### Input records
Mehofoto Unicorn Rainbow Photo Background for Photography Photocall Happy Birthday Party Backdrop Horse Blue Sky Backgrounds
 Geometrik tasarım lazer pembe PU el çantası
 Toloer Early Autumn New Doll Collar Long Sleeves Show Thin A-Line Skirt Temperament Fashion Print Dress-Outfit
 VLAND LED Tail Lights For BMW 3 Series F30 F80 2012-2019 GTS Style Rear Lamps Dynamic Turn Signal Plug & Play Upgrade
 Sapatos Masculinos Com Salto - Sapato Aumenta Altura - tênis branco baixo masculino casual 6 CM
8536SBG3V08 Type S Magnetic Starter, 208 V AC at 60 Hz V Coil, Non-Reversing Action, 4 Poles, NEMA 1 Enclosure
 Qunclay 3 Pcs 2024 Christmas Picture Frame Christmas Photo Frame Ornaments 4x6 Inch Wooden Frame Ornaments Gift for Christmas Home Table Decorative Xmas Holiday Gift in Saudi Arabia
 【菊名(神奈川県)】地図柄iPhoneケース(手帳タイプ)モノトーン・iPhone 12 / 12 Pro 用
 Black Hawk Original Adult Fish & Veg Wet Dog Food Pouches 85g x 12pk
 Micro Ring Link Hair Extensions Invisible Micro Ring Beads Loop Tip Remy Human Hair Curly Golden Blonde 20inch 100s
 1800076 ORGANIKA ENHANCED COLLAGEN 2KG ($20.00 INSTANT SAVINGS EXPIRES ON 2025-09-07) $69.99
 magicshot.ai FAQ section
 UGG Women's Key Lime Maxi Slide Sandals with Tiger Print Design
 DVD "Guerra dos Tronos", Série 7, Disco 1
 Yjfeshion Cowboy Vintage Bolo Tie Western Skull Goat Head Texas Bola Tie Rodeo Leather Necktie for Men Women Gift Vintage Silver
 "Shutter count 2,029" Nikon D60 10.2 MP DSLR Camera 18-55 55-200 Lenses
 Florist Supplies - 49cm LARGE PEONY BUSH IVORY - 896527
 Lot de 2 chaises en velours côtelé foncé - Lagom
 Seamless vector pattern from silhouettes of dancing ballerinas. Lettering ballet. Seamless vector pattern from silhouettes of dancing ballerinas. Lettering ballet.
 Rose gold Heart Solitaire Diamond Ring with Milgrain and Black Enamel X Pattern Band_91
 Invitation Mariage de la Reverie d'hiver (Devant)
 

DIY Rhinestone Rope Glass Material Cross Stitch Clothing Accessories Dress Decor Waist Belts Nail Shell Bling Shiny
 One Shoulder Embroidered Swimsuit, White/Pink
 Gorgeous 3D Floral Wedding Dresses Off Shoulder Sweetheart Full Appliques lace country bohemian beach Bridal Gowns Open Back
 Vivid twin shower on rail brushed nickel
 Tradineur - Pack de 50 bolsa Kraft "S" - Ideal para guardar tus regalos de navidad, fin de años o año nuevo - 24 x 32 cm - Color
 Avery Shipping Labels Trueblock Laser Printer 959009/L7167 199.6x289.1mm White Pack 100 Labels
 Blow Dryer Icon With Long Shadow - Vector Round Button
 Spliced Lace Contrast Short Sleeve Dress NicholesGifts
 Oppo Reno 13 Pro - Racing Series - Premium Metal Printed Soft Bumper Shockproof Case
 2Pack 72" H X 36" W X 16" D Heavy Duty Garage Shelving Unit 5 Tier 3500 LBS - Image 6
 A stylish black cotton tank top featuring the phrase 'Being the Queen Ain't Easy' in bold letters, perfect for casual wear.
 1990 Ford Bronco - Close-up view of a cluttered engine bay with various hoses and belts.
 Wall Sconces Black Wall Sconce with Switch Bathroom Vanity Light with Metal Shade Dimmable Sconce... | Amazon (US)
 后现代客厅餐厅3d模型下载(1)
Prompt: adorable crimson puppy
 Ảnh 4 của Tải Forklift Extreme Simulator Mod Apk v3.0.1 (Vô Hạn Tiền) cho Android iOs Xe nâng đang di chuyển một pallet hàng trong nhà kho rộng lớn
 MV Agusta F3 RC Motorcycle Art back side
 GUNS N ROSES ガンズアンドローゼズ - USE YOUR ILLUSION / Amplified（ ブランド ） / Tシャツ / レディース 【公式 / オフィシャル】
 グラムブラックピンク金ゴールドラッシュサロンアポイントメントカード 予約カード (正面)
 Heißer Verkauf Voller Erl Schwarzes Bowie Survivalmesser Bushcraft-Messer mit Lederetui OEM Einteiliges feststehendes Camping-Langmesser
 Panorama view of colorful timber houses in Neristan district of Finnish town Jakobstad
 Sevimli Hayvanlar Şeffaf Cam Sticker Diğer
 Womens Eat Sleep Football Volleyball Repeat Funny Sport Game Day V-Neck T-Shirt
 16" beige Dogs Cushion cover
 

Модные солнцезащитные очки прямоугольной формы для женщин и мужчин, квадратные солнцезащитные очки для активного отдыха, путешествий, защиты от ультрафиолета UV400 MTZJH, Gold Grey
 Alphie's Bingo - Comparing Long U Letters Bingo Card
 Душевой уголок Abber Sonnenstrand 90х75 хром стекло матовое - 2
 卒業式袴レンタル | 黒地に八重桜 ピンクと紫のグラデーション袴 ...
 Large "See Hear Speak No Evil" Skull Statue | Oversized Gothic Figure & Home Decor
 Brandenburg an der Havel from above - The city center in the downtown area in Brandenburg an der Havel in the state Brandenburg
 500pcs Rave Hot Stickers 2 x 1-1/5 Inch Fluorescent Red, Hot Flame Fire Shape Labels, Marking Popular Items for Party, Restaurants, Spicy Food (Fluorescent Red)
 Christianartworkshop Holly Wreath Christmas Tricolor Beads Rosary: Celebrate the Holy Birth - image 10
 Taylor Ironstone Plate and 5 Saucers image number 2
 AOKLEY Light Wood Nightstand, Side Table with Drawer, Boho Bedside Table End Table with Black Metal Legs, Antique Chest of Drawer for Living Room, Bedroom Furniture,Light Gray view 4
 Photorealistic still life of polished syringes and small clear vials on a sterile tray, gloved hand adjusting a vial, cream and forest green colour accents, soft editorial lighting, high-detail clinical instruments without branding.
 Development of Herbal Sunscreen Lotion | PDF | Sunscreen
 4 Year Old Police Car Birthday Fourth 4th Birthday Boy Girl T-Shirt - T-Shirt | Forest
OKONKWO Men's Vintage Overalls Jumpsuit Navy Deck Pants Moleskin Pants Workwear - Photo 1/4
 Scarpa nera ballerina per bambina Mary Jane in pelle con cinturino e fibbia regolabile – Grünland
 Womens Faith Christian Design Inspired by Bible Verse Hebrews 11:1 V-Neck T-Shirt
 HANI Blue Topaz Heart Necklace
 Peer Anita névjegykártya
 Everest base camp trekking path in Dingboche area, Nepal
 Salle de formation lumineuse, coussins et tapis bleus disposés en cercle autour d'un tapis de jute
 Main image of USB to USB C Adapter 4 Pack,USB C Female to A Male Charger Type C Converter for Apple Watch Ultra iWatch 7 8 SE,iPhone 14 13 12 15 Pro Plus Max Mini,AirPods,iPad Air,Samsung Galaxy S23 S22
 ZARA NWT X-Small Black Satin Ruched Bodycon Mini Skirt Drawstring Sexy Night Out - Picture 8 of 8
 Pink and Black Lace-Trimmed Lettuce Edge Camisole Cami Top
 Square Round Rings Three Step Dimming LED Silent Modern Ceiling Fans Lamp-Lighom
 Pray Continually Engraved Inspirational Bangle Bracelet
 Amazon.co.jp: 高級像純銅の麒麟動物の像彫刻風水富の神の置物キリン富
######
### About this exercise
Proceeding from the line containing "Модные солнцезащитные очки" through the line containing "Alphie's Bingo - Comparing", transcribe the lines above exactly, both end lines included.

### Response below
Модные солнцезащитные очки прямоугольной формы для женщин и мужчин, квадратные солнцезащитные очки для активного отдыха, путешествий, защиты от ультрафиолета UV400 MTZJH, Gold Grey
 Alphie's Bingo - Comparing Long U Letters Bingo Card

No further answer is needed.